Moi y en a être français de souche !

Publié le par jacques thomassaint

UN FRANCAIS DE PURE SOUCHE

 

            732. Fin de la bataille de Poitiers. Près d’un village à demi ruiné, il est laissé pour mort sur un champ de bataille et de blé mûr. Les armées se sont retirées.  Las des batailles, abandonné d’Allah,  il décide que sa guerre est finie, jette uniforme, épée, oriflamme et casque de cuir au creux d’un fossé. Il a traversé l’Espagne, combattu Andalous et ibères, et n’est sarrasin que par hasard de la naissance.

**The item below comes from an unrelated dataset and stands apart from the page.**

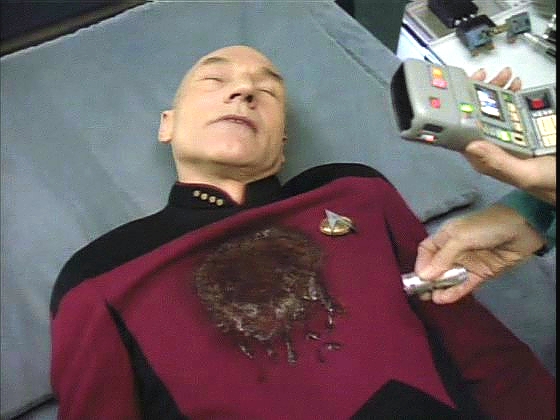 Zraněného kapitána Picarda přinesli na ošetřovnu a doktorka má plné ruce práce, když se snaží mu zachránit život. A vypadá to špatně...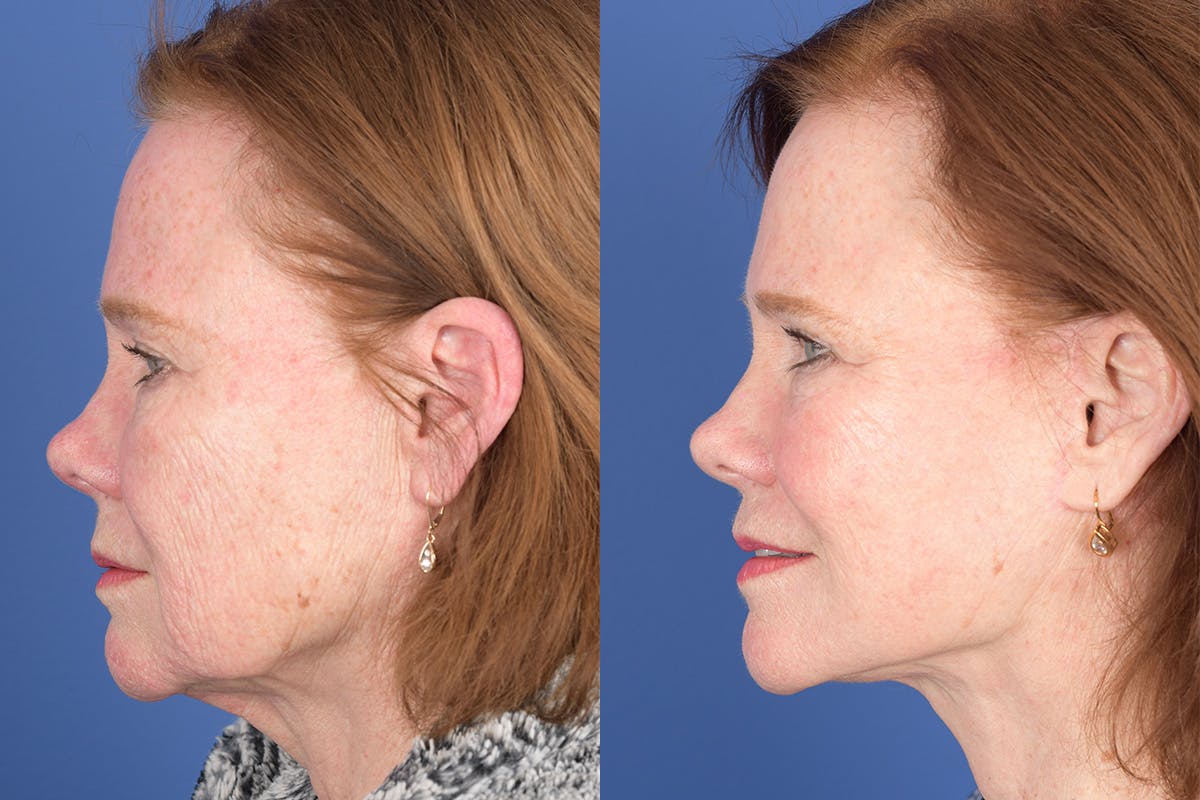 Facelift Before & After Gallery - Patient 157501 - Image 2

            Une veuve berrichonne, dont l’époux angevin git quelque part sous une croix chrétienne, lui ouvre sa porte, ses bras, ses cuisses, sa cave et son garde-manger. Il se convertit à la France rurale sans regret. Trois enfants naissent de cette union pacifiste, enfants qui se découvriront au fil des ans, dans les villages voisins, des cousins par le sang et d’autres par l’alliance.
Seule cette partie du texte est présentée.